**EXERCISE DETAILS:**
The answer is the full listing below, copied exactly, with its pictures omitted.

-- PROVIDED RECORDS follows --

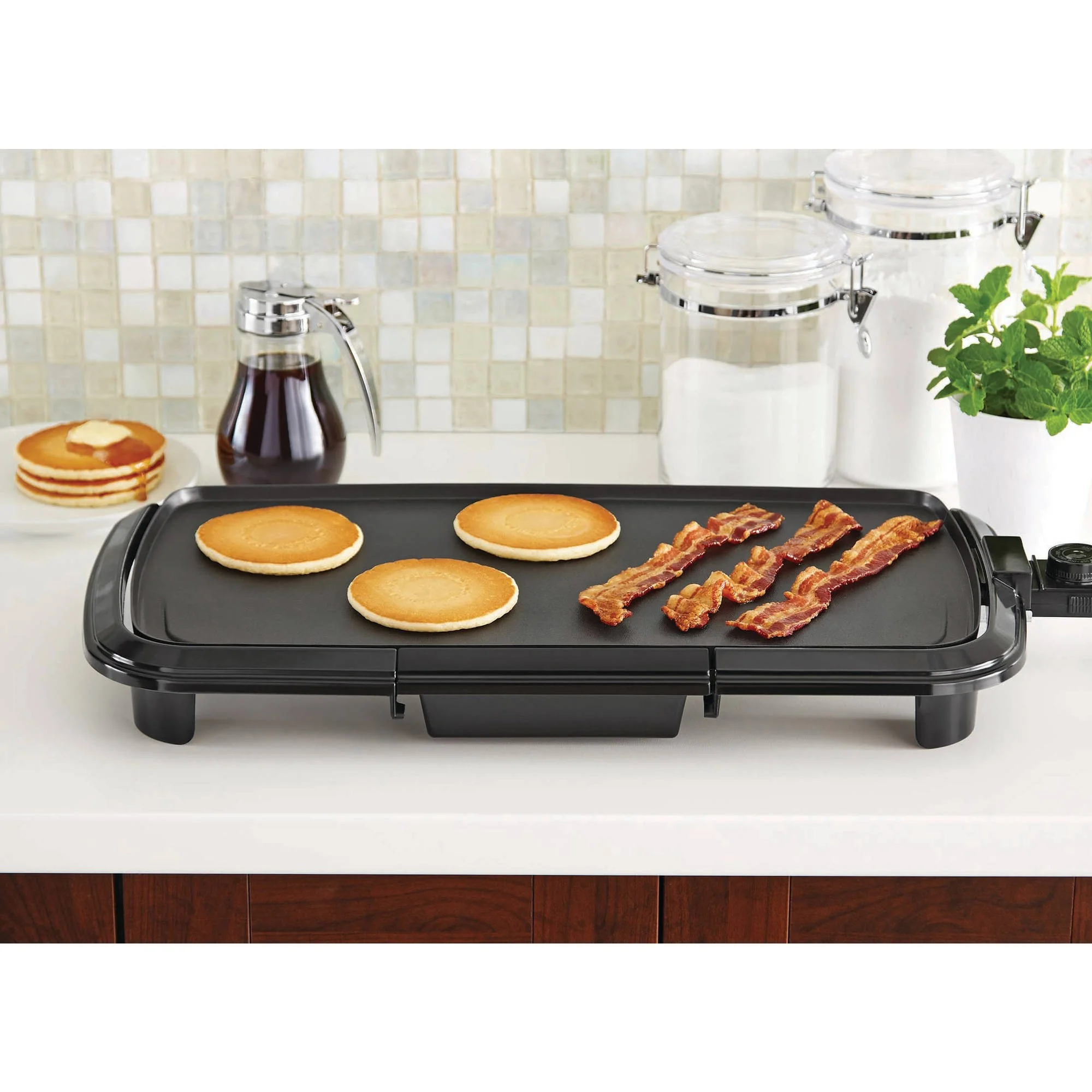 MAINSTAYS DISHWASHER-SAFE BLACK 20" GRIDDLE WITH ADJUSTABLE TEMPERATURE CONTROL FOR $18.96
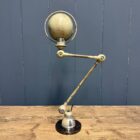 Beige twee-arms Jielde tafellamp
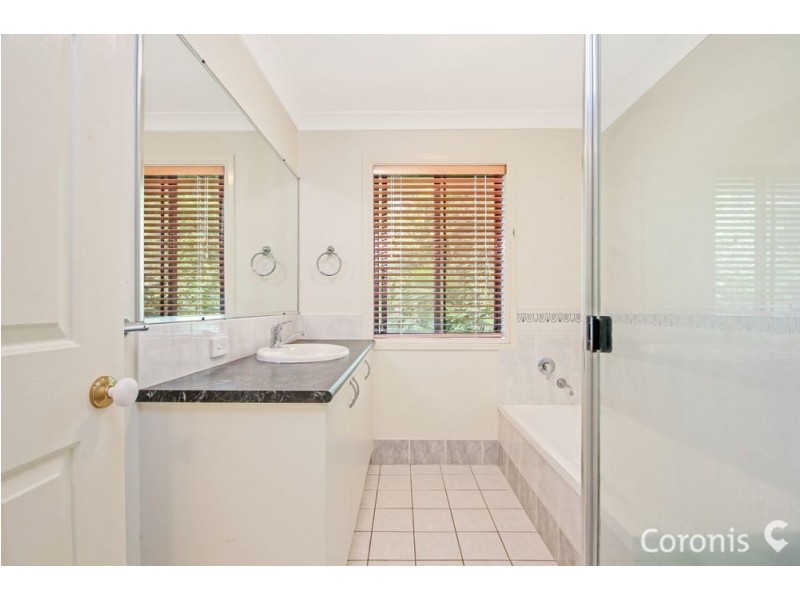 19 Treetop Close, Chapel Hill QLD 4069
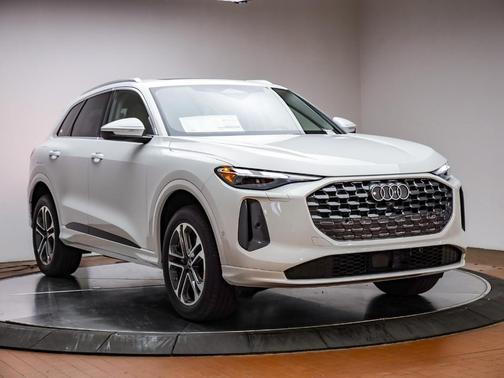 2025 Audi Q5 2.0T quattro Premium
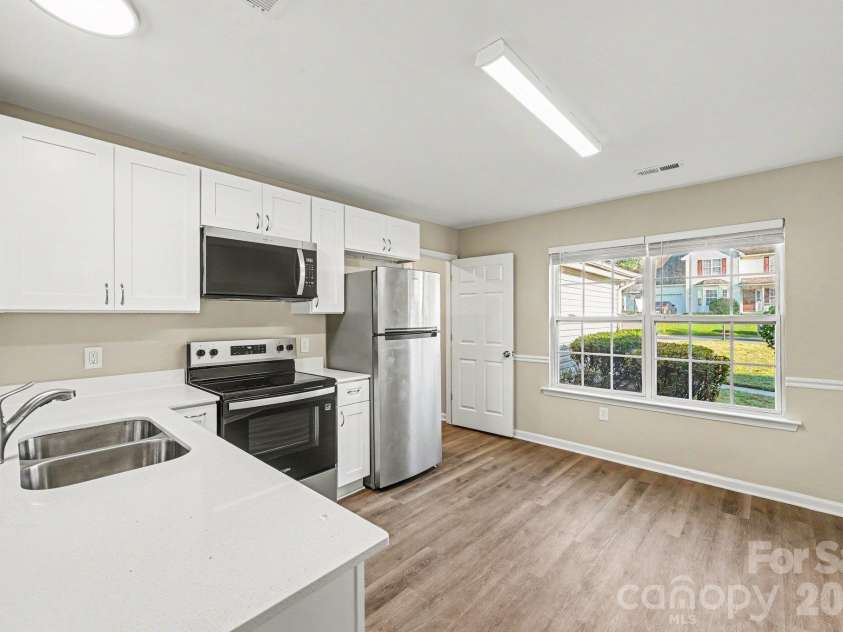 10133 Illoria Drive, Charlotte, NC 28273.  MLS# CAR4432147, YatesRealty ID 57207.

-- PROVIDED RECORDS concluded --

**EXERCISE OUTPUT:**
 MAINSTAYS DISHWASHER-SAFE BLACK 20" GRIDDLE WITH ADJUSTABLE TEMPERATURE CONTROL FOR $18.96
 Beige twee-arms Jielde tafellamp
 19 Treetop Close, Chapel Hill QLD 4069
 2025 Audi Q5 2.0T quattro Premium
 10133 Illoria Drive, Charlotte, NC 28273.  MLS# CAR4432147, YatesRealty ID 57207.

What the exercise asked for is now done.